I am currently faced with a set of tasks that calls for the batch manipulation of potentially tens of millions of records (more in future) over a total pool of data that could approach or even exceed the total addressable memory on a 32-bit machine. Clearly I want to do whatever I can to provide good performance.
This is not a one-shot deal - the software will eventually end up at hundreds or thousands of sites. I cannot call for significant hardware upgrades just for this one task.
I have to assume that the total size of the problem may well be a few to several times the available physical memory. This rules out solutions that call for all of the data to reside in memory at one time. For anything other than straight sequential processing, this calls for a database of one form or another.
On the other hand only one program (written in Java) will need access to the data. There are no cross-language conversion issues. There are limited concurrency issues. There is limited need for transactions. This means a lot of the overhead in a big-name database (Oracle, MS SQL), or even a lightweight database (HSQL) is not really needed.
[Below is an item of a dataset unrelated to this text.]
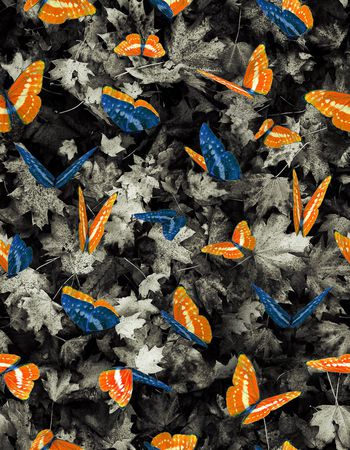 393677-蝴蝶枫叶的组合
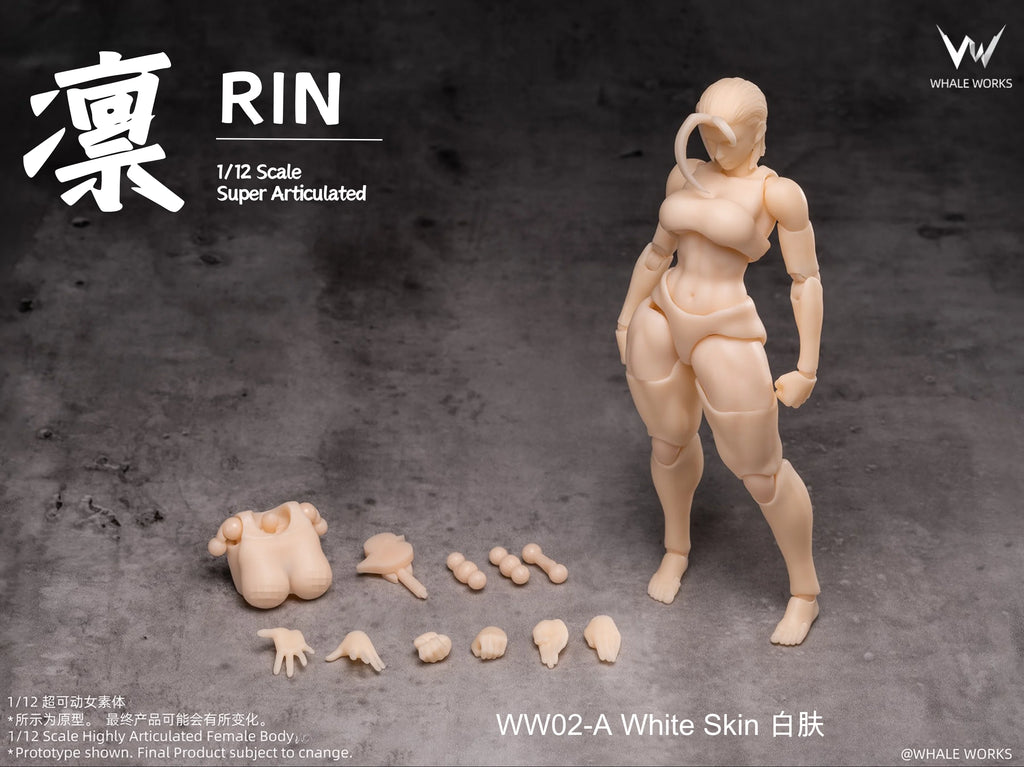 In Stock WHALE WORKS WW01/02 ARIA RIN FEMALE BODY Movable Model Toys 1/12 Super Articulated Cammy White Chun Li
Seems like I am caught in a middle ground.
Tools like Prevayler offer one sort of approach to building an application database. This is a terrific approach to solving some sorts of problems. Aside from the need for memory, this would be a great solution to my current problem - but data bigger than memory does pretty much completely rule out Prevayler as an approach.
What is really disturbing is reading the discussion about Prevayler. There are folks that somehow think the whole idea is evil. There are the folks responsible for the code that seem unable to understand or articulate the tradeoffs involved. The last is especially disturbing as you have to wonder about this lack getting expressed in the implementation.
Looked at ozone, which looks like a nice piece of work, but seems to add more overhead than I need (especially in comparison to Prevayler).
Guess I am also not convinced that Java serialization is a good idea in the face of a need for upwards/downwards compatibility. Sometimes you need to read data created by either an older or newer version than the current software. Seems I could override the default implementation of readObject() … or it might be better to avoid the default serialization framework altogether.
I am leaning towards a solution specific to this particular application - a Prevayler-like solution for everything but one large array (table), with the large array stored on disk and cached on reference. This has me re-inventing yet another limited database implementation (about which I am not enthused). Might yet punt, go with a lightweight SQL database (like HSQL), and pay the price in performance.